Arribamos hace unas horas. La salida de la costa, del plácido y apacible lugar donde estuvimos. árboles, arbustos, calles de arena, desiertas, poca gente.
La salida a la ruta, el viaje. El regreso: la entrada a la ciudad, previo paso por la autopista Buenos Aires - La Plata (o Mar del Plata); los peajes, las casuchas, ranchos, villorios. Paisaje inexplicable para nuestros tiempos.
Luego el riachuelo, la ciudad: inmensa, ruidosa, gris... Es lo que siento cada vez que regreso de afuera, de la playa, de algún campo o de las sierras. Me vienen a la mente las crudas frases de Ezequiel Martinez Estrada, de su admirable texto "La cabeza de Goliat".
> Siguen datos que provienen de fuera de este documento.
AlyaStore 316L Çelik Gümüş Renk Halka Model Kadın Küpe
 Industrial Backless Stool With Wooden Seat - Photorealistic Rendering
Transcribo las mismas. No es que siempre considere que la ciudad sea así. Pero ahora medito, y evoco estas palabras:
En la trampa:
A través de la ventana observo el frente de las casas más allá de la plaza, con sus ventanas cerradas. No puedo evitar la idea pertinaz de que se trata de celdas, con aberturas por donde entran el aire y la luz; y sale, como la mía, la mirada del morador. Se trata de celdas y de prisioneros. Me es fácil pensar que todos estamos presos, aunque el guardián haya desaparecido hace años o siglos. Nos encerró a todos y se fué, o se murió. Hizo la ciudad y nos metió dentro con la consigna de que no nos marchásemos hasta que volviese. Después se olvidó él de venir y nosotros de irnos.
Del libro La cabeza de Goliat, Editorial Nova, Buenos Aires, 1957, p.50.